Resta il fatto che sono dei soldati che combattono contro Assad perché credono nella rivoluzione, quindi quella siriana si è trasformata in una rivolta armata…
Sì, ma i soldati ribelli si sono sempre rifiutati, fin dall’inizio delle proteste, di distribuire delle armi alla popolazione civile. Noi abbiamo sempre creduto e continuiamo a credere in una rivoluzione pacifica. Riteniamo che armare i comuni cittadini sarebbe un grave errore, perché questo farebbe sprofondare il Paese in una guerra tremenda. Numerosi civili resterebbero uccisi, molti di più di quelli che abbiamo perso finora. Invece, quando i manifestanti scendono nelle piazze contro Assad, cantano in coro: “Vogliamo dimostrare pacificamente”. Il governo siriano del resto non aspetta altro che una scusa per colpire delle persone a caso, e armare i civili gli offrirebbe proprio questa giustificazione.
Come si sta evolvendo ultimamente la situazione in Siria?
Nella Siria centrale, da Homs ad Hama, da Idlib ad Al-Rastan l’esercito e le forze governative nelle ultime due settimane hanno iniziato una violenta campagna militare contro le città. Al-Rastan in particolare, una cittadina di circa 60mila abitanti, è stata circondata da 250 carri armati e più di 30mila soldati. Con questo tipo di azioni distruggono tutte le città che si ribellano. Anche perché non affrontano i manifestanti con lacrimogeni o proiettili di gomma, che non fa mai parte delle loro dotazioni, ma solo con armi da fuoco dall’effetto mortale. Ora stanno davvero tentando di fermare la rivoluzione nei quattro angoli del Paese, ma non ci riescono perché noi vediamo che la scintilla delle proteste si propaga ovunque. Dopo ogni repressione, le opposizioni si arrendono per un mese illudendo il governo di averle piegate. E non appena l’esercito si trasferisce in un’altra città, ricominciano le proteste.

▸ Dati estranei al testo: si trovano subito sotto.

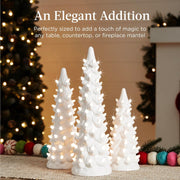 3-Piece Ceramic Christmas Tree Set – Pre-Lit Hand-Painted LED Desktop Decor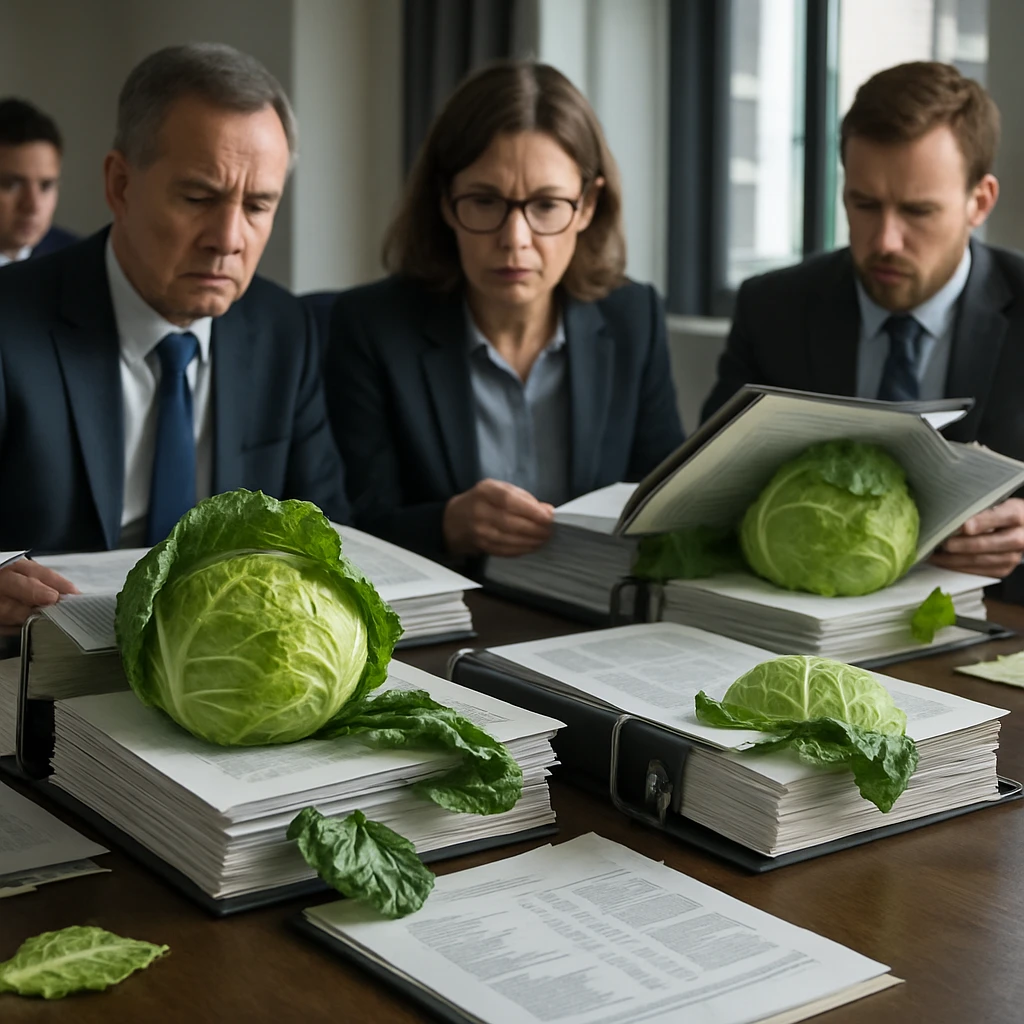会議室のテーブルにキャベツの葉が挟まれた分厚い決算書類をスーツ姿のビジネスマンたちが真剣に見つめている様子。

Che cosa risponde ai cristiani siriani che temono un nuovo Iraq?
Vogliamo che la popolazione cristiana della Siria sappia che ogni giorno, nelle nostre manifestazioni, cantiamo lo slogan “Uniti, uniti, noi siamo uniti”. Tutti insieme in Siria stiamo cercando di ottenere un Paese democratico, dove tutti possano essere uguali, senza esclusioni né alcun privilegio per un gruppo religioso piuttosto che per un altro. Non vogliamo che i gruppi islamisti guidino il nostro Paese, ma che tutti possano votare ed esprimere la loro opinione. Fin dalla nascita della Siria cristiani e musulmani sono vissuti insieme, e non abbiamo mai avuto problemi gli uni con gli altri.